赤提灯が揺れ、電車の音と酔っ払いたちの笑い声が響く「横川ガード下」。
JR横川駅の高架下に軒を連ねて50年以上の“昭和の飲食店街”だ。
しかし3年前、全44店の店主たちに、耐震工事のため「一斉立ち退き」が突然言い渡される。
工事は避けられない上、ガード下新店舗の大家は広島市からJRに変わるため、
家賃は4倍以上に膨れ上がる。

ガード下で商売を継続するか、ガード下を離れ移転するか。または廃業か―
店主たちは、いずれかを選択しなければならない。

 

出席委員

前川功一委員長、小川富之副委員長、大井美恵子委員、河合直人委員、藤本慎介委員、前田昭委員、見延典子委員、山平慎一郎委員

 

合評での意見
  • 横川に44店舗あって、廃業が20店舗、17が移転、存続が7店舗…。継続の酒屋さん、廃業の中華料理屋さん、対照的な2人に焦点を当てた人間ドラマがよく描かれていた。しかし、なぜ残れたのか、もう少し掘り下げた視点での番組が見たかった…。
  • 昨年9月の「消えゆくまちは何処へ」の続編だが、前作と少し雰囲気が違っていた。前作では、耐震工事の必要性と店主の営業権、賃料と町への愛着、といった葛藤がテーマにあり、深みがあった。

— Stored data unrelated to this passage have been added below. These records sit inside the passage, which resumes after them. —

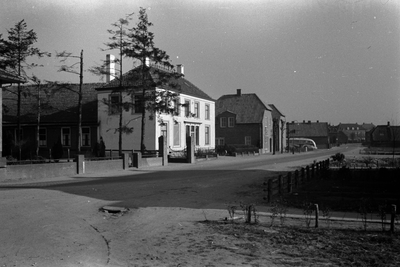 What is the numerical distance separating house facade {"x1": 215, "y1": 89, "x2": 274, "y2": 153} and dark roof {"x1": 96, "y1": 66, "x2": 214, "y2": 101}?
16138 millimetres

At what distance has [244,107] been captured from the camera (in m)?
66.6

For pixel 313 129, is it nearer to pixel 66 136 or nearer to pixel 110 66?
pixel 66 136

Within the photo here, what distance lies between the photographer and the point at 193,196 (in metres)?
14.4

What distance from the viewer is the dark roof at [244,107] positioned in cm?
6416

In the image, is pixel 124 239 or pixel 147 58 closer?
pixel 124 239

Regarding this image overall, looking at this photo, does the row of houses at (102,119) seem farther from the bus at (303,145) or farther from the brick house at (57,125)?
the bus at (303,145)

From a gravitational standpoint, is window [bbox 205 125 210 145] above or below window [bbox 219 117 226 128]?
below

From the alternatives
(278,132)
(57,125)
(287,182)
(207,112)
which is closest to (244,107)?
(278,132)

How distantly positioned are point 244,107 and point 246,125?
13.8ft

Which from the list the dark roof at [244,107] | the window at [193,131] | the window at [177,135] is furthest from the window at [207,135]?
the dark roof at [244,107]

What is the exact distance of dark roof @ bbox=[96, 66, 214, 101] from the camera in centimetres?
3163

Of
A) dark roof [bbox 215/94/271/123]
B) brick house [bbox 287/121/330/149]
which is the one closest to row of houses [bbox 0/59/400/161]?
dark roof [bbox 215/94/271/123]

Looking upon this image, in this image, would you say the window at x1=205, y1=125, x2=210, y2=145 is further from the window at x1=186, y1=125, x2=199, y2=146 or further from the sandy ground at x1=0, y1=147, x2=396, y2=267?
the sandy ground at x1=0, y1=147, x2=396, y2=267

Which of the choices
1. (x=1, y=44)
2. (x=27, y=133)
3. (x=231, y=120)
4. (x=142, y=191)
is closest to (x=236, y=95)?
(x=231, y=120)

本作は、立退きまでの経緯ダイジェスト版と閉店する店主の寂しさが見やすくまとまっていたものの、葛藤・深みは感じられなかった。
  • 広島県は、後継者不足率が全国5番目に高い…。後継者不足とか、廃業率が高い広島県の要因、解決策を深掘りしたり、検討ができる事実を記録をすることは大事で、そういう視点があってもよかった。
  • 古き良き時代の昭和の個人商店の方が、移転して事業を存続するケースと廃業を余儀なくされるコントラストをよく描いた。今後の地方都市のあり方を描いていて、視聴者がもう一度考え直す、いい機会を与えてくれる番組だった。
  • 「JRと広島市とお店の3者が、しっかり向き合って話し合いができたことが意義深かった」というインタビューがあったが、これが問題の本質だと思った。新しくなった横川に行きたいかというと正直思わない。東京に似せた町がいっぱいできてきているが、最初のうちはいいが、広島にしかないものをどう残すのか、とうのは行政の仕事だし、広島に根を張るテレビ局の大切な仕事だと思う。長く取材を続けて、耐震化に伴ったリニューアルがどういう結論になるか取材を続けてほしい。